Cette fer­veur païenne ne saurait aller sans un rite qui est, comme on l’at­tendait, entière­ment dépourvu de tout hori­zon tran­scen­dan­tal. Ce qui fait s’ex­clamer le poète, sur un mode tri­om­phal : « Je touche bien le bout du monde ». Car il s’ag­it de touch­er la chair du monde, ou d’être touchée par elle. Point d’e­sprit, ici, ni de spécu­la­tions, mais une chair vibrante, bandée. Ou plutôt : l’e­sprit s’est résolu en une matière pétrie d’in­tel­li­gence, et tout le tra­vail du poète, est de ressen­tir, et de don­ner à ressen­tir la pro­fondeur et la richesse de cette chair du monde.
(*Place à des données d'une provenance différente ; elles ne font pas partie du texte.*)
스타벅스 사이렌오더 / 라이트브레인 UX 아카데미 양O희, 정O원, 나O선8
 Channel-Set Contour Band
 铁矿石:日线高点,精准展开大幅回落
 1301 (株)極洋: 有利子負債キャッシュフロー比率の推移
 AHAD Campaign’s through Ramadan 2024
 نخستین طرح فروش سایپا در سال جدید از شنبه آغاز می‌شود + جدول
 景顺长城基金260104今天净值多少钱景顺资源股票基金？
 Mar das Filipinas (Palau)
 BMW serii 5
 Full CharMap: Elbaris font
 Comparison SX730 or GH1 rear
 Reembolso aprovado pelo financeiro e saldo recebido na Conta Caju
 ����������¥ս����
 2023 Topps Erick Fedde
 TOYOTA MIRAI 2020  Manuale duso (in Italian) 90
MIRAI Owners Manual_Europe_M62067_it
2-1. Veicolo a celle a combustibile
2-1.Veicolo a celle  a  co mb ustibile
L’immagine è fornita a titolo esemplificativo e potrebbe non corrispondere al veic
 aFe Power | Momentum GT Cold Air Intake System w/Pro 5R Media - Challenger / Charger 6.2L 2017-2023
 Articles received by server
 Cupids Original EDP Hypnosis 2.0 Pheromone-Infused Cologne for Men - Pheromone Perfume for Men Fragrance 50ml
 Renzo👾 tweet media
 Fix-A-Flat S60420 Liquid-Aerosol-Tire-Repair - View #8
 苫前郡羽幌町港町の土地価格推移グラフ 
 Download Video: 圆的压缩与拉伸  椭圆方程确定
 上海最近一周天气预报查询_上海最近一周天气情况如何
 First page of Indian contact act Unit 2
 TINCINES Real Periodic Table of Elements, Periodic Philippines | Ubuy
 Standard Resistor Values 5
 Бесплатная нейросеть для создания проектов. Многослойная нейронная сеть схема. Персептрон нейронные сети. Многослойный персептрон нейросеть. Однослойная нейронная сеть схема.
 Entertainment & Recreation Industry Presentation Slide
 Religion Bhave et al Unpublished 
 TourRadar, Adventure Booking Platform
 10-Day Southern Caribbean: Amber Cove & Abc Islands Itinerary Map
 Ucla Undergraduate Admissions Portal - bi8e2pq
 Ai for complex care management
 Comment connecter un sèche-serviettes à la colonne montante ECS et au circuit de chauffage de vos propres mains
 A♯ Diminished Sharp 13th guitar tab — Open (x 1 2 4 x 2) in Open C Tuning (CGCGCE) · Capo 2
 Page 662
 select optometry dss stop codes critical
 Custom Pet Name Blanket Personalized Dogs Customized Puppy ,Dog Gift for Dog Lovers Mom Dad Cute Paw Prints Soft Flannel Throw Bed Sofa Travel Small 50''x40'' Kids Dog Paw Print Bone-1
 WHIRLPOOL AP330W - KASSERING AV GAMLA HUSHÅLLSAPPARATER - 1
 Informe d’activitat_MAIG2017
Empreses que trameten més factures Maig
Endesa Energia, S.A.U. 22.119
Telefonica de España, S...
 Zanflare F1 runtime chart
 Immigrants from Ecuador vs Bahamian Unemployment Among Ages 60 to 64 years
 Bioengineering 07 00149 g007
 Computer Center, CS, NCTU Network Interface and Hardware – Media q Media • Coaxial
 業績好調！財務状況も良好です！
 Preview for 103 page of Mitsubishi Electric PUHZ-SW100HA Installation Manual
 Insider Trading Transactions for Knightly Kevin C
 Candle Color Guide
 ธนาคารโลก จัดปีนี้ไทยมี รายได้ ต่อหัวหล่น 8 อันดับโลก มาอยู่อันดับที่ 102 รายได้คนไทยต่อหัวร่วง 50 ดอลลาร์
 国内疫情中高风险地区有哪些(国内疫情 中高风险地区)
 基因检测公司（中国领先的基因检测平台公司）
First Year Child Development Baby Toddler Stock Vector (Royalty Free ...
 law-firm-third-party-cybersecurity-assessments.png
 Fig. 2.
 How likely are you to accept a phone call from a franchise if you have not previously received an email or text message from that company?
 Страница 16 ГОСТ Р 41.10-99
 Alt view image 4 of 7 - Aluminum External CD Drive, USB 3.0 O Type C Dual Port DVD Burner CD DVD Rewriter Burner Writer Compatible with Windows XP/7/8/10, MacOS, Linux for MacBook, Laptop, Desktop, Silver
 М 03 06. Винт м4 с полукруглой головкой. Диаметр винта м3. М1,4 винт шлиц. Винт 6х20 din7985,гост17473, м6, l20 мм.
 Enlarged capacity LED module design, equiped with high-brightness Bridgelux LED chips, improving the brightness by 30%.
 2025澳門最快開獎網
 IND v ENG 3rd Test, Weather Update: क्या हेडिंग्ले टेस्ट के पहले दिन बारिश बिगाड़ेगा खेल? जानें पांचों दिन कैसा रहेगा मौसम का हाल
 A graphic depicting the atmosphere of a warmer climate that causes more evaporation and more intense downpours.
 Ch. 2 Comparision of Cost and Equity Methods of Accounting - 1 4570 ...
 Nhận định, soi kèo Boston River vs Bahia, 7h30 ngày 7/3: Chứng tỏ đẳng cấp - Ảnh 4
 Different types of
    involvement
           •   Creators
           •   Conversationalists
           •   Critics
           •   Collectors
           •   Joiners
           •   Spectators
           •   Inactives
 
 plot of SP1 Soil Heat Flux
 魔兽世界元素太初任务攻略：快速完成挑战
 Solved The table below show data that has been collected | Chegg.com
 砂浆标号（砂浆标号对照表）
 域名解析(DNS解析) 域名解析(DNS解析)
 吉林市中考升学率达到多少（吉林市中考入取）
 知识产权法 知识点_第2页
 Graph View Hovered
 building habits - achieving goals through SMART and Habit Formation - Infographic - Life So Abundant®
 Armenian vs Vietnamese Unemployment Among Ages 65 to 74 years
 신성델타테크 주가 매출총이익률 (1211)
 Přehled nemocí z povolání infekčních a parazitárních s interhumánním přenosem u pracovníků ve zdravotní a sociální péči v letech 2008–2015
Or, quand il s’ag­it de célébr­er ce monde clos sur son indi­ci­ble sur­puis­sance, la parole est l’in­stru­ment le plus effi­cace, et elle devient acte, de même que dans les rit­uels mag­iques des peu­plades pre­mières : « Toute parole en l’air manque tou­jours d’en­sevelir. » Le poète chante l’amour du monde tel qu’il est, indif­férent aux idéal­ismes desséchants, mais imprégné, tel un fruit délec­table, de toutes les sèves : « Foutaise de ce qui est en puis­sance et grésille­ment des cigales encore bien après la fin du jour. » Ici, comme l’an­nonce le titre de l’un des poèmes du recueil, on ne part pas en expédi­tion vers quelque roy­aume à con­quérir au delà des ter­res con­nues, mais on cabote. Cab­o­tage fructueux, où le nau­tonier, étreint par le pressen­ti­ment inquié­tant de la mort, trou­ve aus­si une vic­toire qui, pour être intime, n’en est pas moins sublime.

« Elle — femme au regard \ Eloigné – \ Sur­git déjà de l’eau \ Nue comme un psaume \ Il s’agira de vivre \ Maintenant »

Poésie d’au­tant plus forte que, situ­ant son foy­er en dehors de la sub­jec­tiv­ité du poète, elle est tournée vers l’autre et l’ailleurs. Toute chose, fût-elle quo­ti­di­enne ou vul­gaire, trou­ve sa place dans le poème et, devenant naturelle­ment mot et rythme, accède par là même à l’é­tat d’ex­is­tence supérieure que lui con­fère le verbe poétique.

« C’est encore un moyen par­mi d’autres de trem­bler à l’irréductible ».